Automáticamente Ralphie Percy, quien debemos recordar había quedado
extrañamente confirmado como capitán del castillo de Dunstanburgh, afirmó su
fidelidad al viejo rey depuesto. Los lancastrianos sitiaron Alnwick, un
castillo que, la verdad, los yorkistas, no sé si por desidia o por sobradismo,
no se habían preocupado ni de mejorar ni de aprovisionar adecuadamente, por lo
que no tardó en rendirse.
Las cosas, sin embargo, habían cambiado mucho en el norte.
Las buenas gentes de Northumberland y otras áreas no sólo estaban un poco
cansadas de la guerra, sino que habían aprendido que el hecho de que un bando
ganase el control de determinado castillo no era garantía de que fuese a conservarlo.
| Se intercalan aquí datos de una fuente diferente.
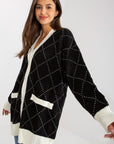 Cardigan model 170816 Rue Paris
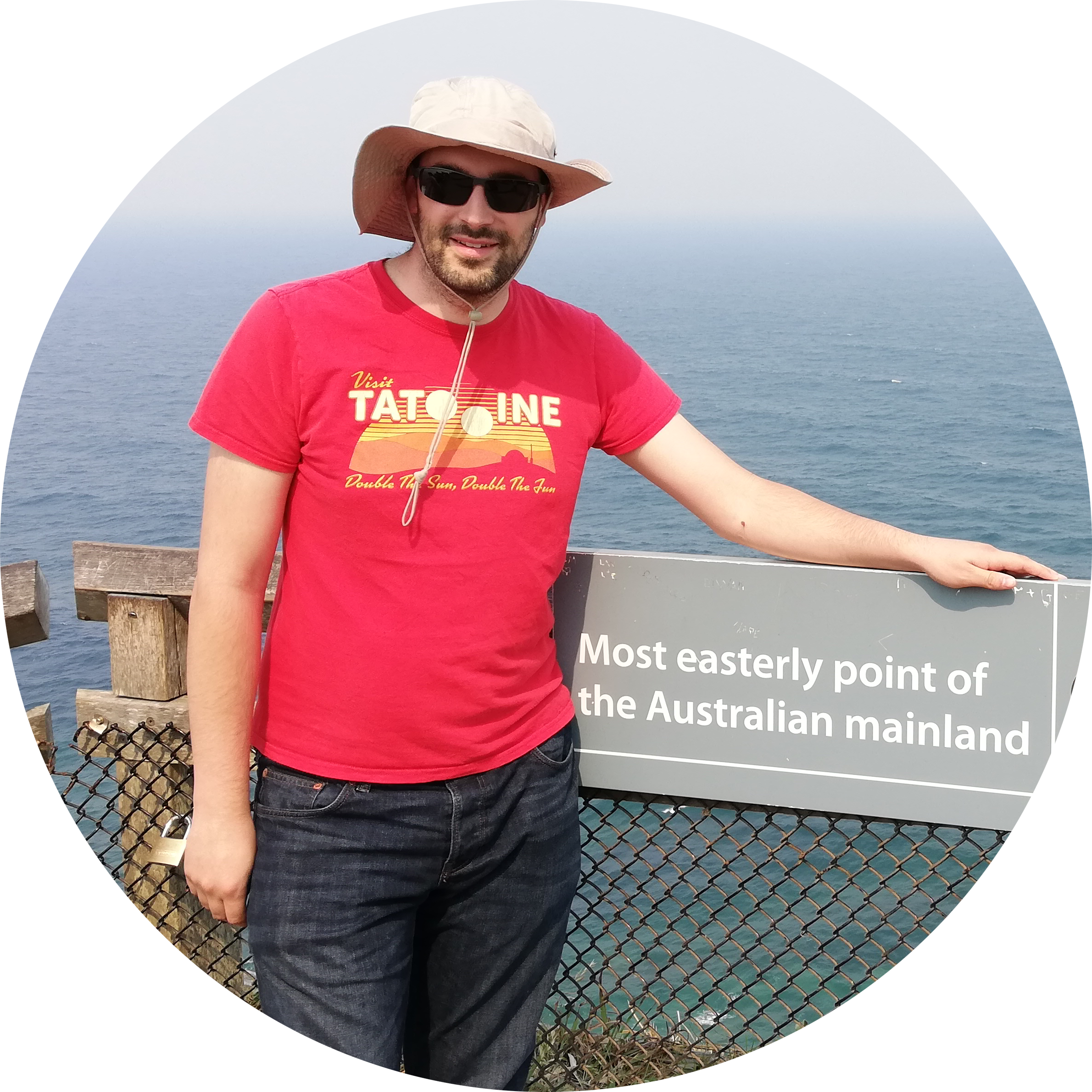 Go to the profile of Stefan Kusch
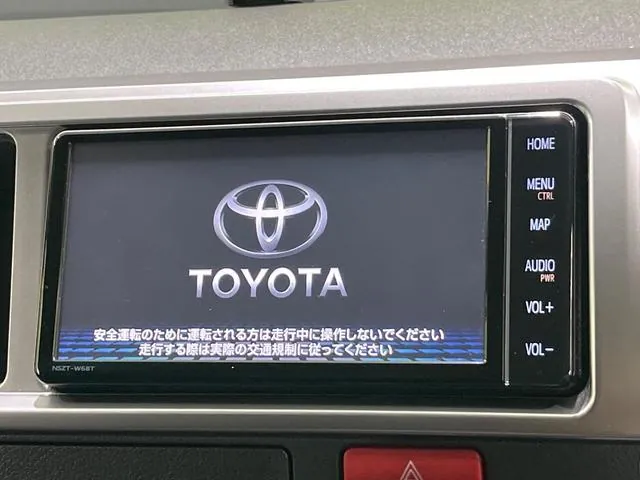 Toyota Hiace Wagon 2019 photo 3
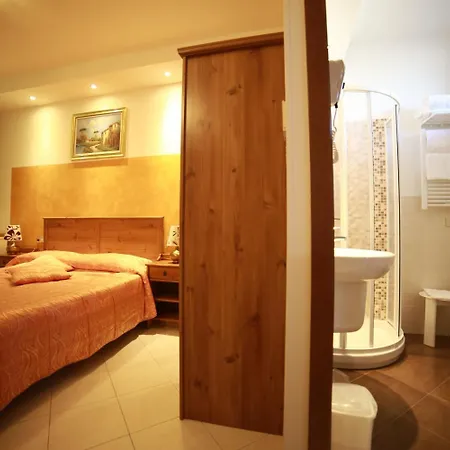 I Laghetti Hotel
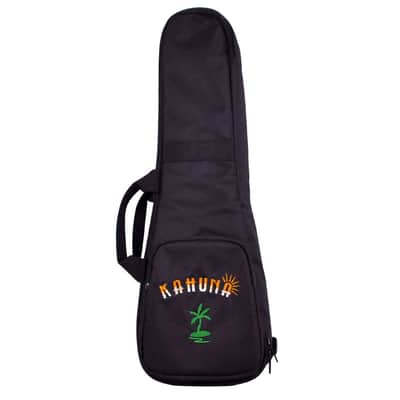 Kahuna Soprano Uke 5 Mm Padded Gigbag image 1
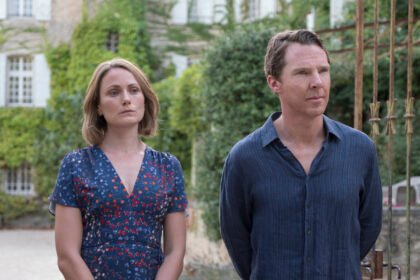 патрик мелроуз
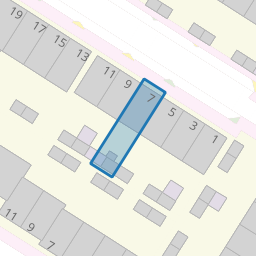 Perceel LDD00-A-8179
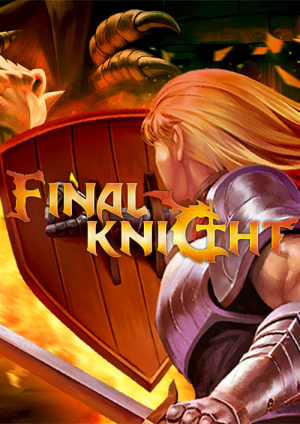 FINAL KNIGHT PC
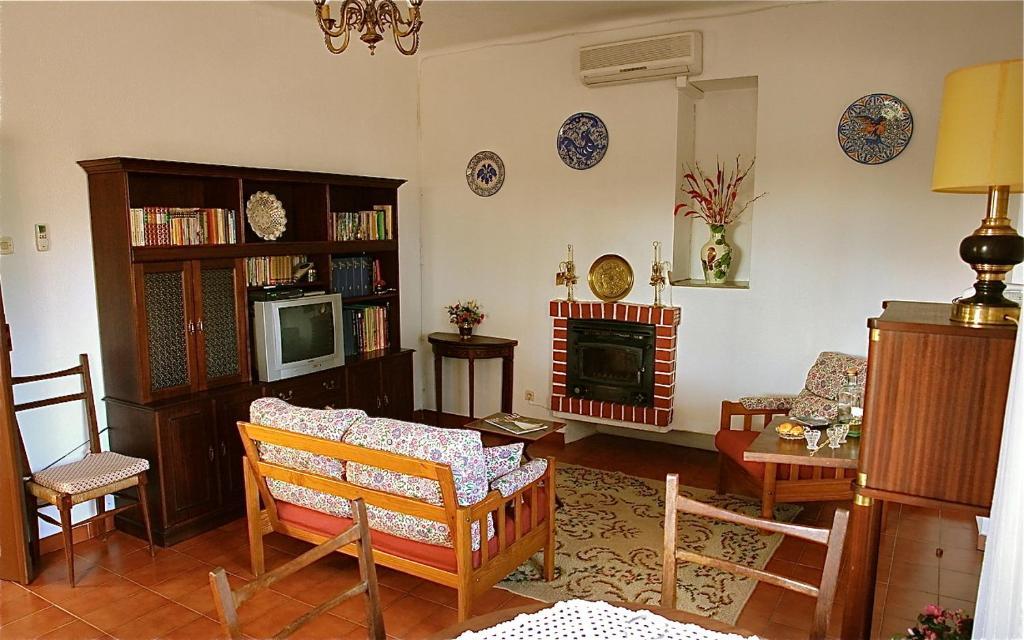 Quinta Da Bela Vista Apartment Povoa e Meadas Room photo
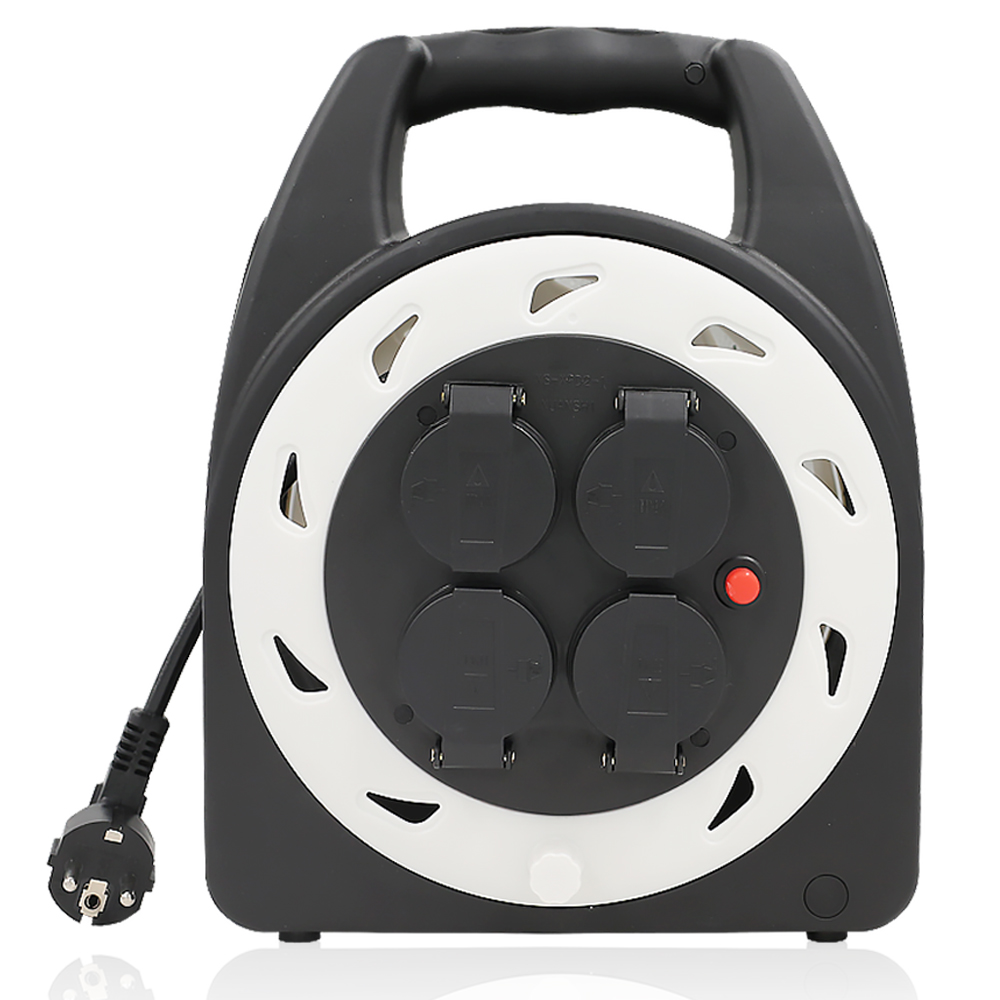 TGIC 케이블 코드 릴 4구 1.0SQ XS-XPH2-1 36,630원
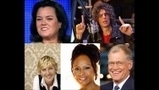 Howard Stern Is King: Defends Ellen Degeneres, Rosie O'Donnell & Gay Rights | Communications Major | Scoop.it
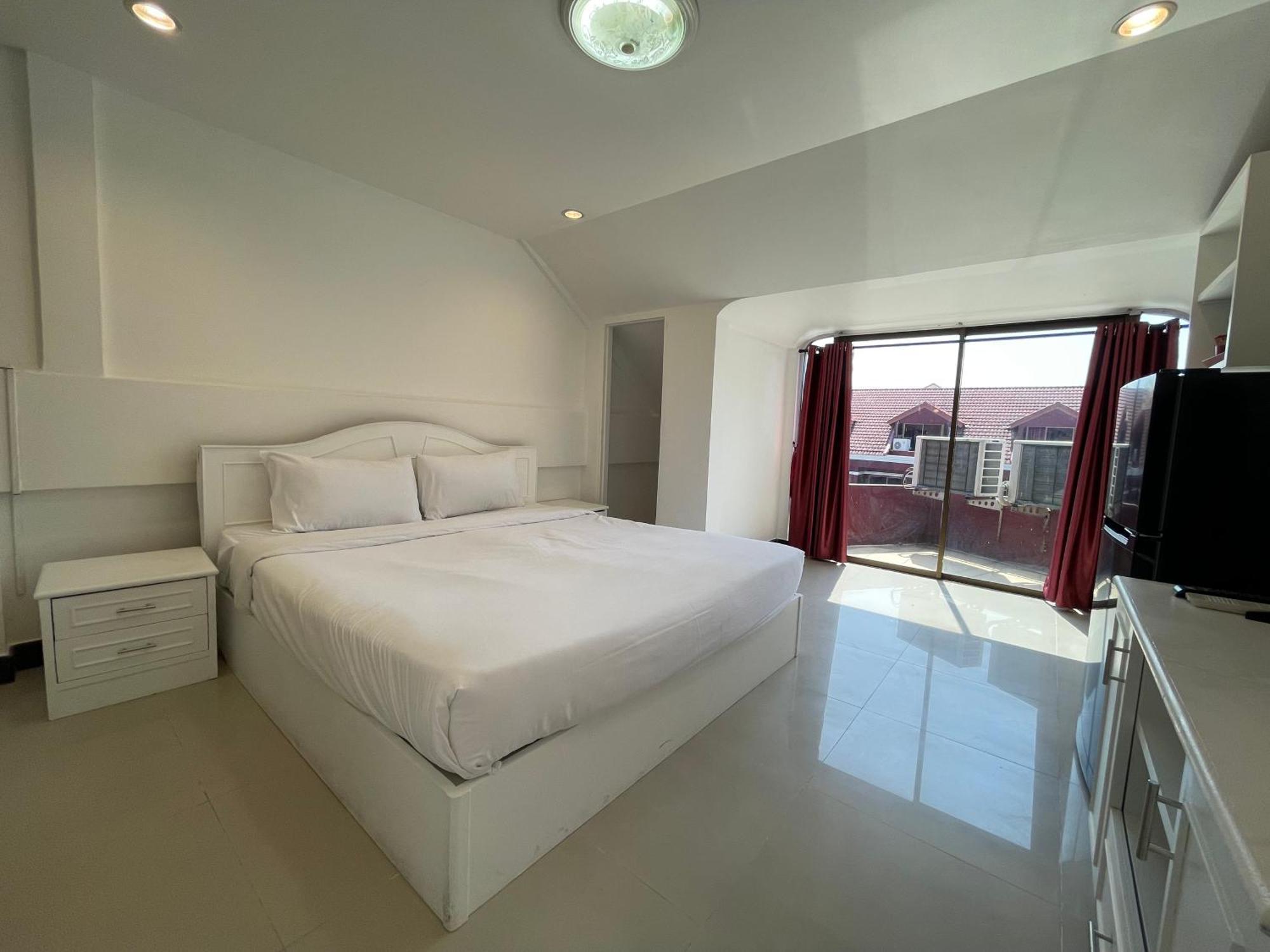 Arawana Express North Pattaya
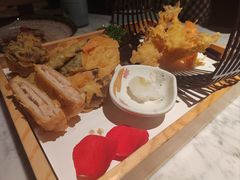 -阿吾罗日本料理(K11艺术中心店)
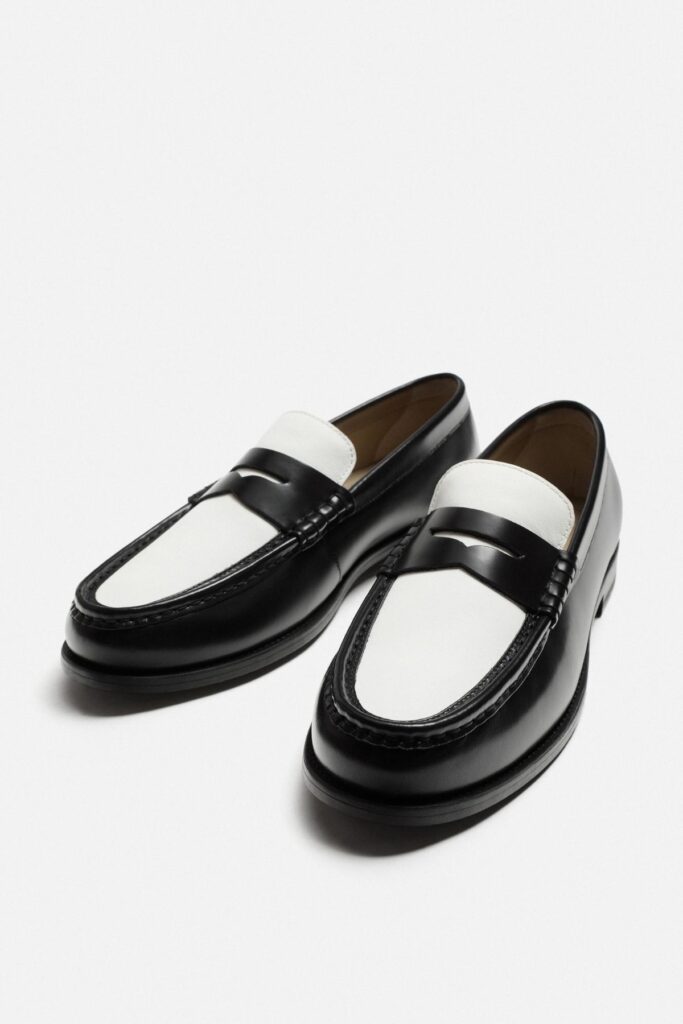 mocasines comodos para dejar de usar tenis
Hartos, pues, de ver cómo aquello era un continuo de idas y venidas, la mayoría
de los habitantes de la Inglaterra septentrional decidió que lo más probable
era que el gobierno de Londres reaccionase, así pues el poder que ahora
exhibían los Percy y los Lancaster en la zona no tenía por qué durar. Así pues,
prefirieron esperar a ver cómo se aclaraba la cosa.
No se equivocaban. Londres no se quedó quieto. Sólo cinco
días después de la llegada del rey y la reina eméritos a Bamburgh, esto es,
probablemente apenas horas después de haber conocido la noticia, el temible
Warwick tomaba el caballo de las diez de la mañana camino del Norte.